La crisis económica por fuerza debía causar una crisis política y ahí estaba Hitler para aprovecharse de la desesperación de millones de alemanes. En las elecciones regionales de Sajonia, celebradas en junio de 1930, el partido nazi pasó de cinco a catorce representantes, convirtiéndose en la segunda fuerza política. Ese sería el aperitivo de que lo que estaría por llegar en septiembre.
Hitler, en el centro, rodeado de sus correligionarios en una reunión del NSDAP a finales de 1930.
En la campaña electoral para las elecciones generales del 14 de septiembre de 1930, los nazis abocaron todo su repertorio de ardides propagandísticos para atraer la atención y obtener votos. Hitler era consciente de que, tras una larga espera, había llegado por fin su oportunidad, por lo que el partido no escatimó recursos; se pintaron consignas en los muros, se pegaron miles de carteles y se convocaron innumerables mítines, manifestaciones y concentraciones anunciados por camiones provistos de altavoces. Por su parte, las SA no rehuían el enfrentamiento con los comunistas, contribuyendo así a dar una impresión de energía y resolución.

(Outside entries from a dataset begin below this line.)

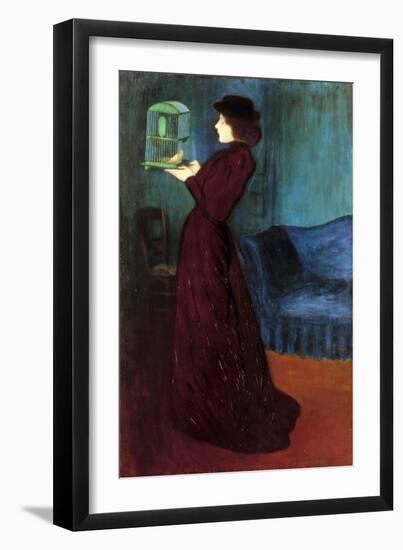 Ripple-Ronai: Woman, 1892-Jozsef Rippl-Ronai-Framed Giclee Print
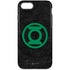 DC Comics Green Lantern Logo Black Background iPhone Cases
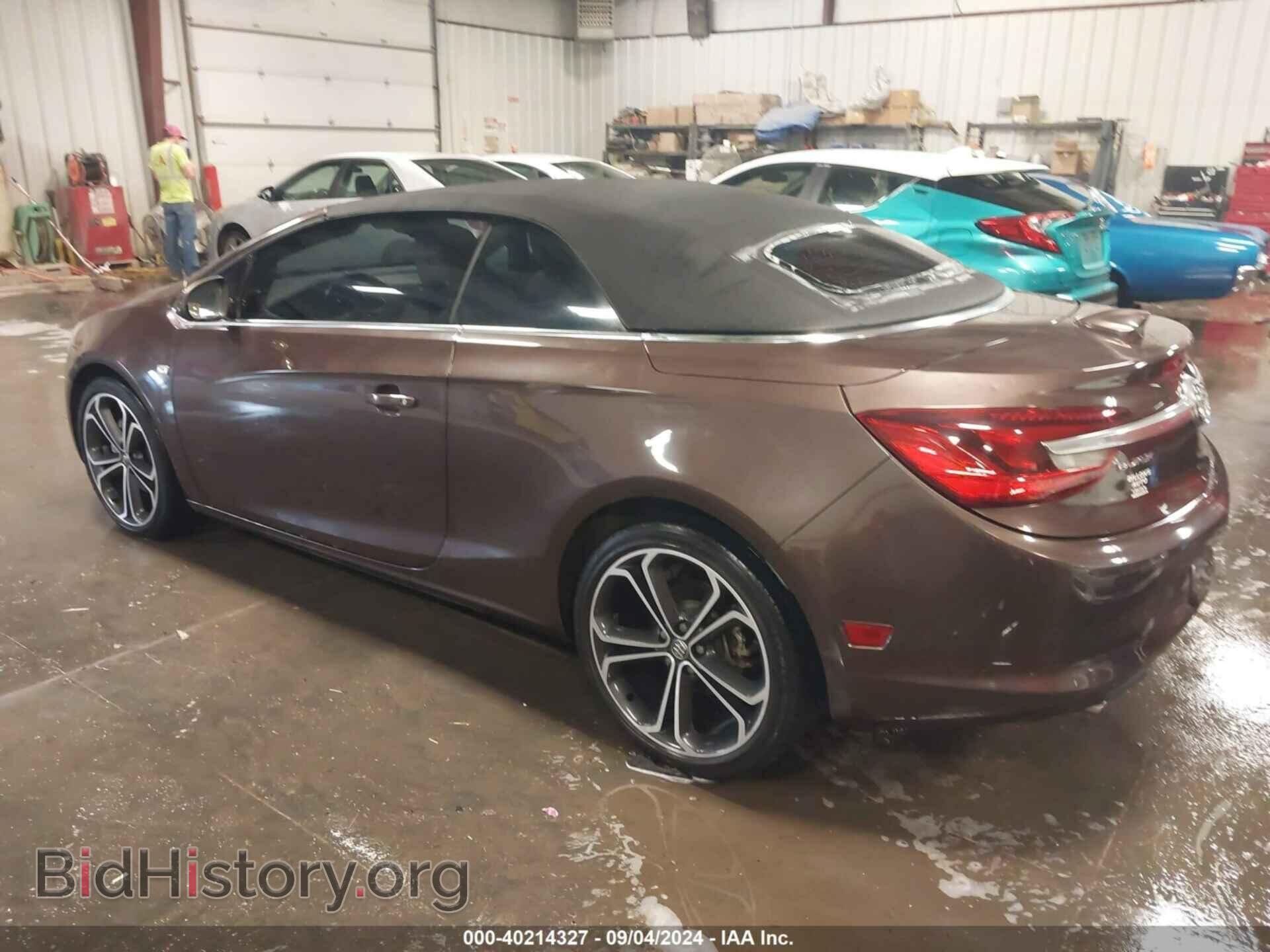 2016 BUICK CASCADA - VIN: W04WT3N52GG129778 - Фото 3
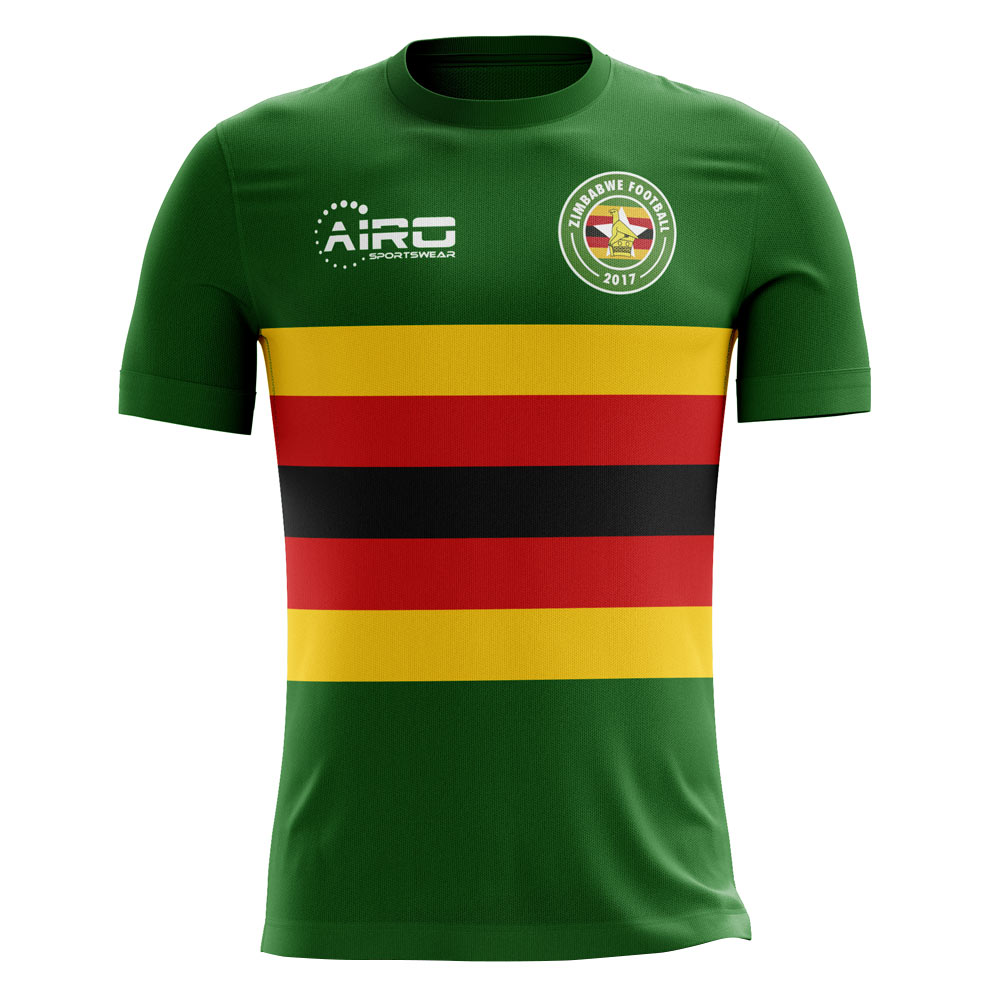 2025-2026 Zimbabwe Home Concept Football Shirt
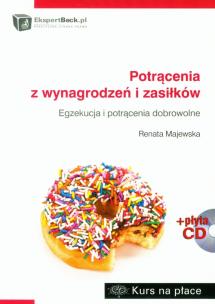 Okładka książki Potrącenia z wynagrodzeń i zasiłków + CD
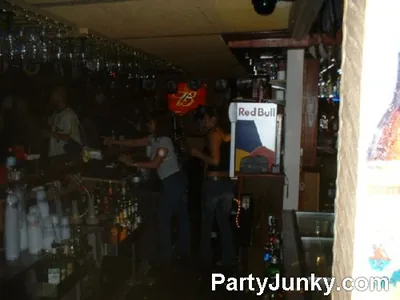 The bar at Coyote Ugly Bar & Grill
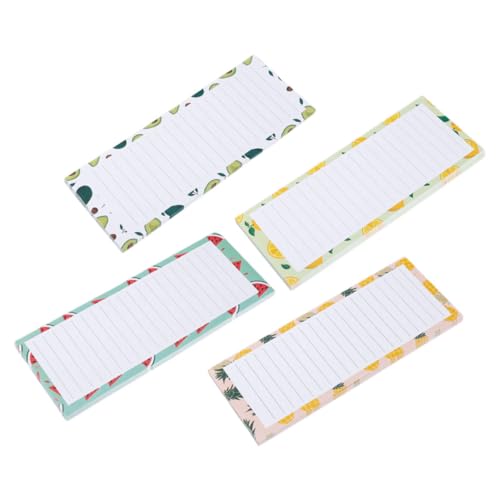 NAMOARLY 4 Stück Message Board Kühlschrankmagnet Klein Klebrig Magnetische Einkaufsliste Schwarz Pop-up Magnetischer Listenblock Pads Magnetischer Notizblock Täglich Notizbilder Klebeband NAMOARLY 4 Stück Message Board Kühlschrankmagnet Klein Klebrig Magnetische Einkaufsliste Schwarz Pop-up Magnetischer Listenblock Pads Magnetischer Notizblock Täglich Notizbilder Klebeband von NAMOARLY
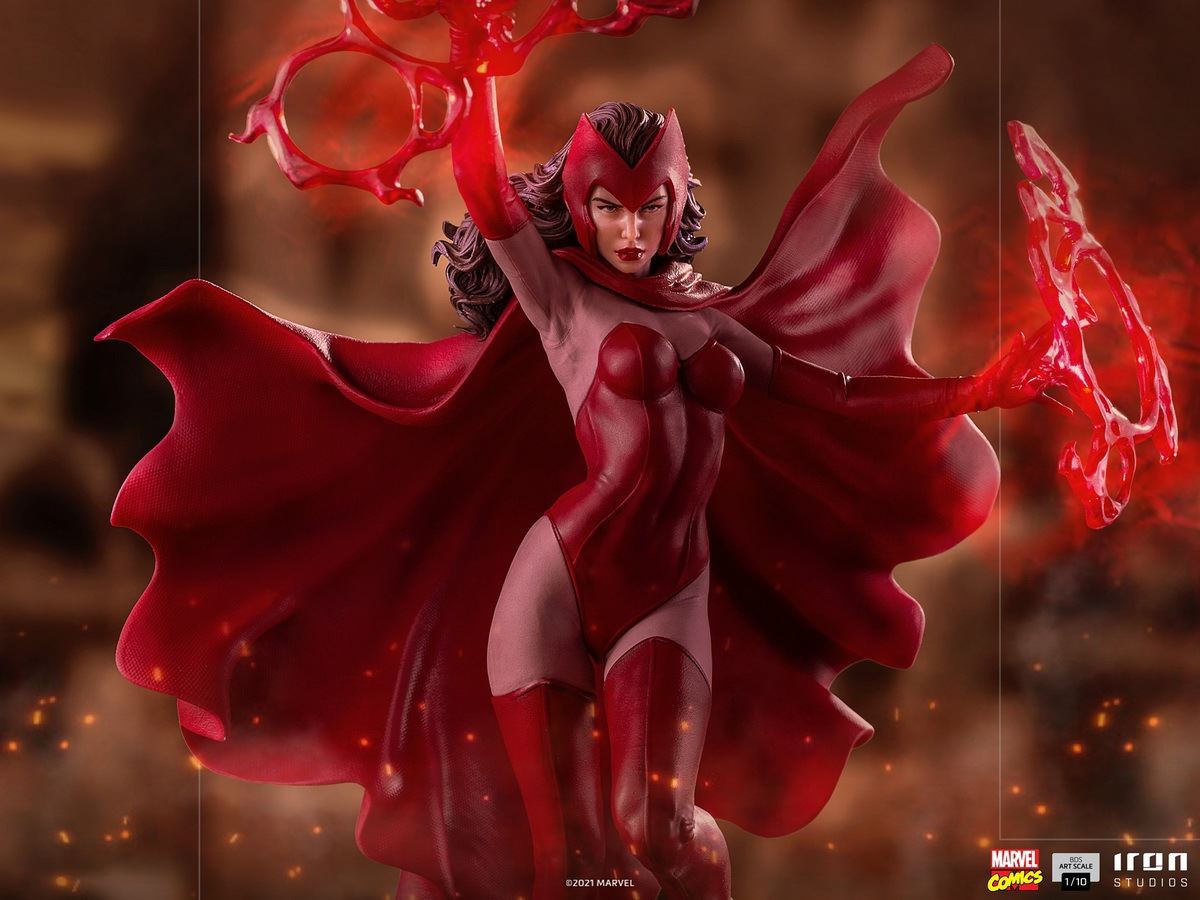 Scarlet Witch BDS Art Scale 1/10 – Marvel Comics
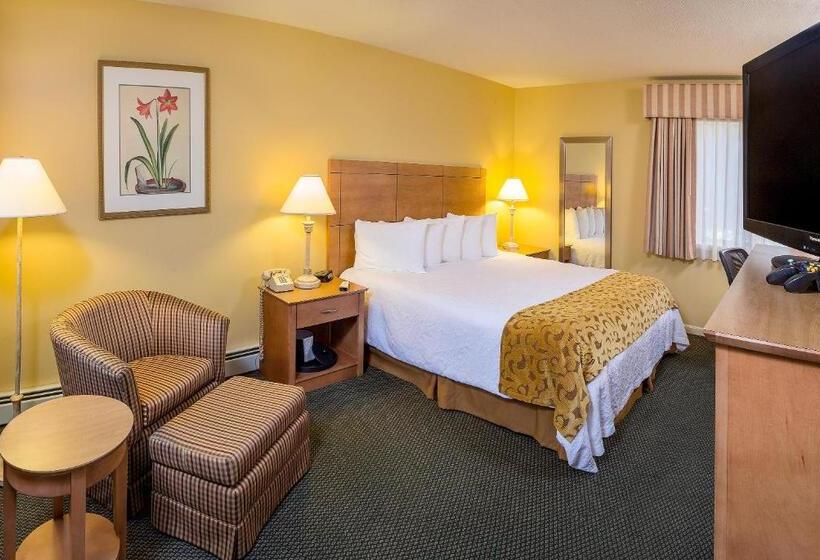 Стандартный Номер Кровать Кинг, Best Western Inn & Suites Rutland Killington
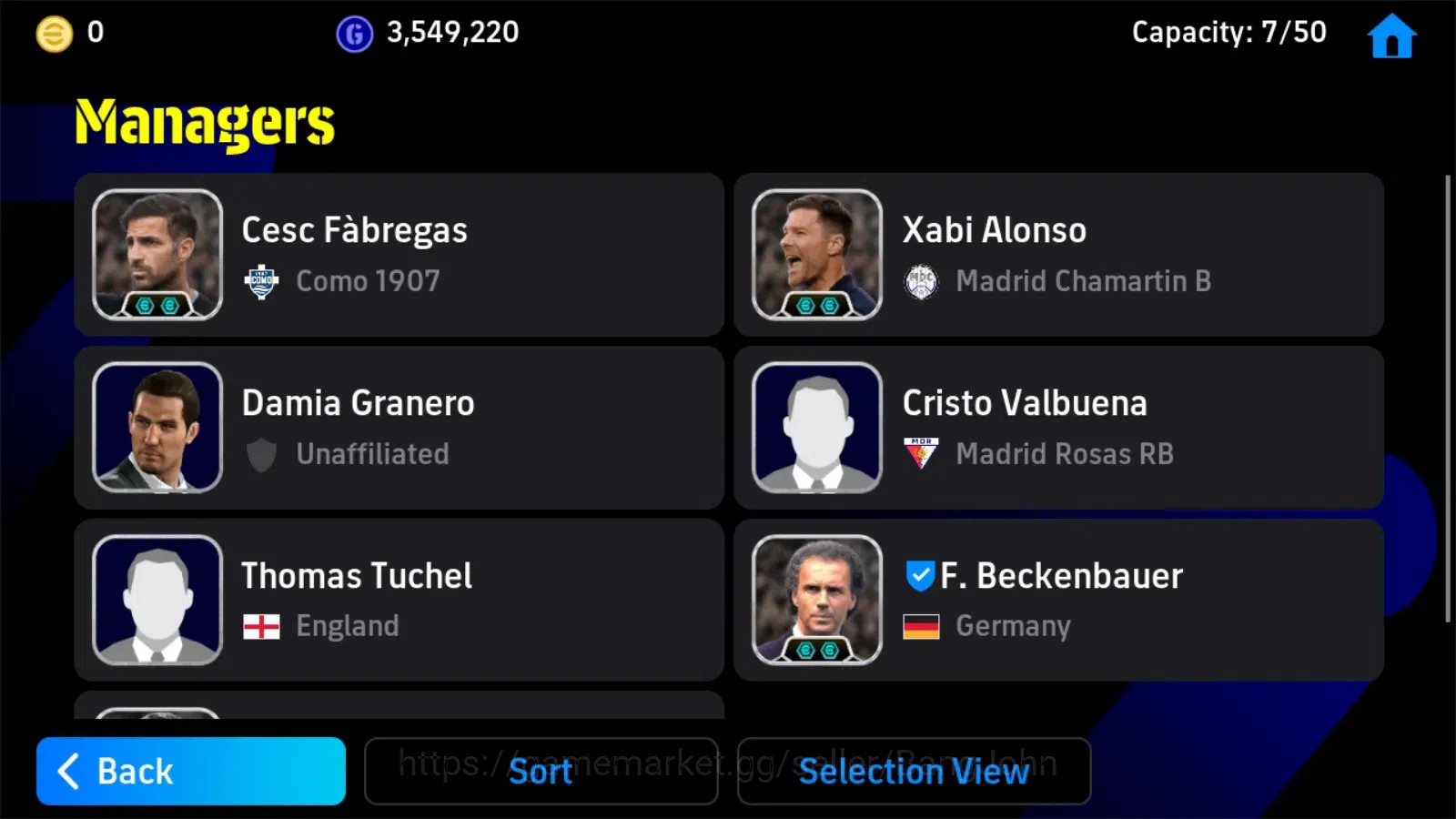 eFootball Accounts Android|PW 3188|Giorgio Chlellini Epic,Marco Reus image 6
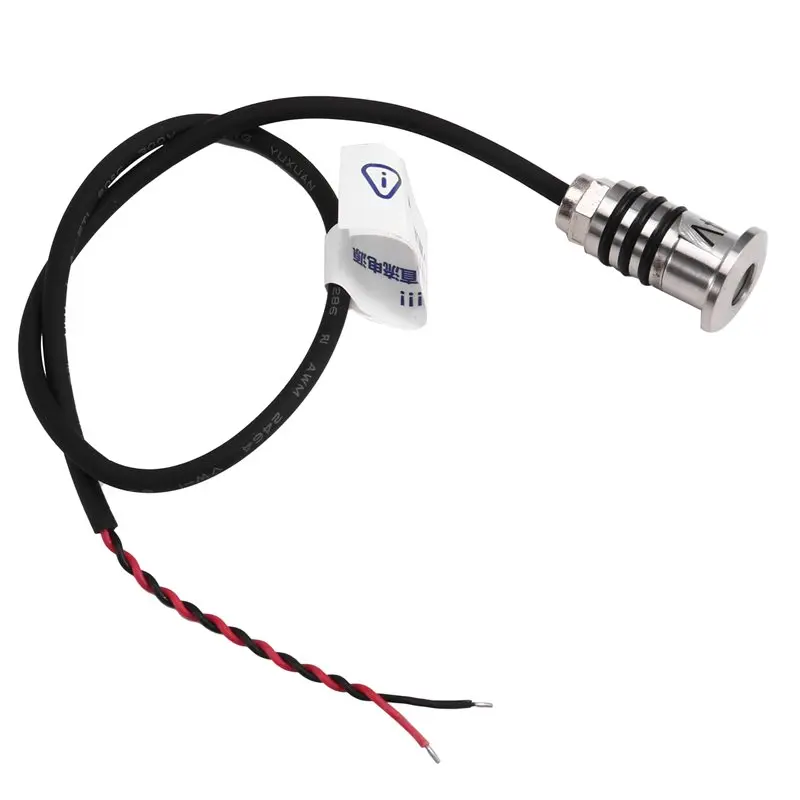 Lámpara LED Subterránea para Exteriores N96R MINI, IP68 Impermeable, para Jardín, Patio, Terraza, Escaleras, Caminos, Piscina, Fuentes, Iluminación de Paisajes, DC12V 24V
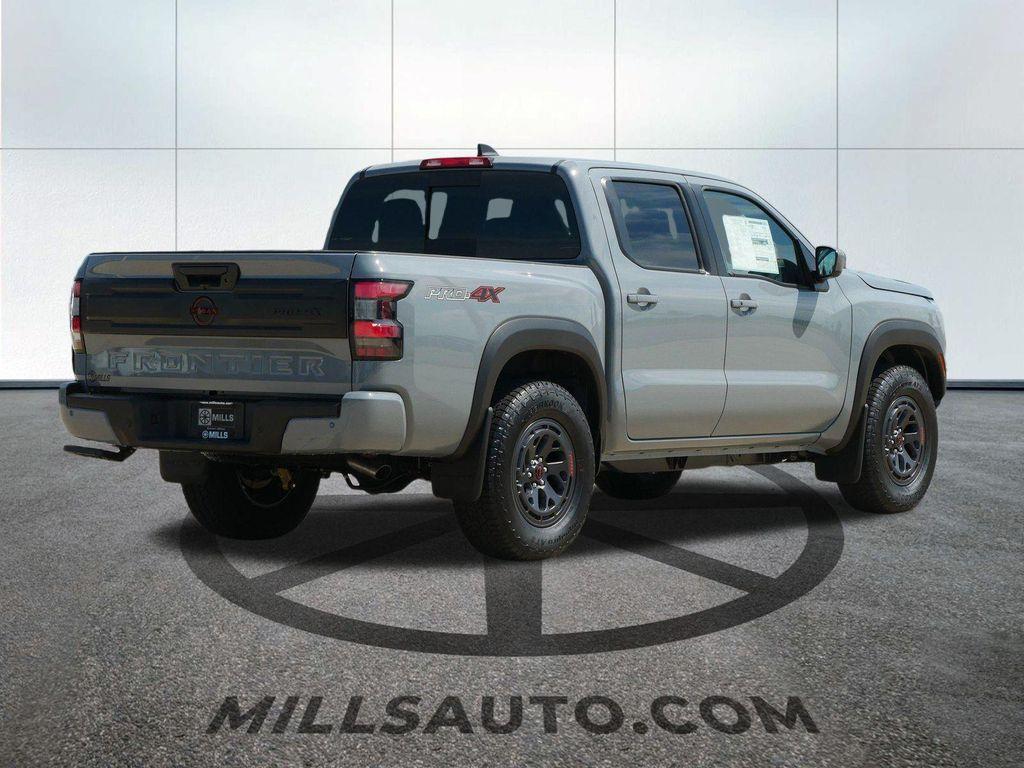 new 2025 Nissan Frontier car, priced at $40,577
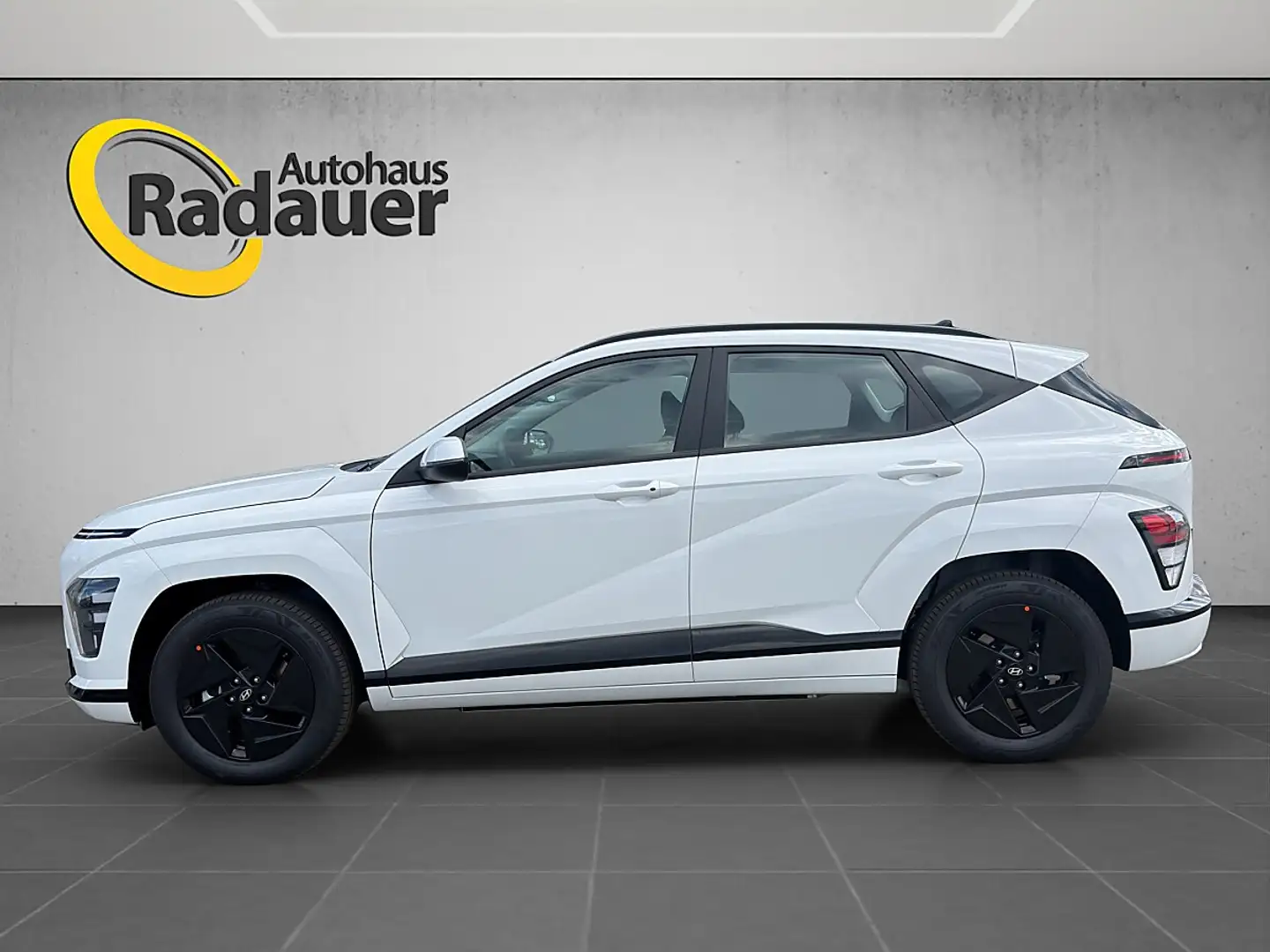 Hyundai KONA Kona Elektro 48,6kWh Smart Line Weiß - 2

El día de los comicios, treinta millones de alemanes acudieron a las urnas, cuatro más que en 1928. Los resultados sorprendieron incluso a Hitler: los nazis habían pasado de ochocientos mil votos a casi seis millones y medio y su número de representantes en el Reichstag había crecido de 12 a 107 diputados. De ser la novena fuerza política habían pasado a ser la segunda. Aunque el canciller sería Heinrich Brüning, Hitler se había convertido en un líder nacional con el que a partir de entonces habría que contar para la gobernabilidad del país.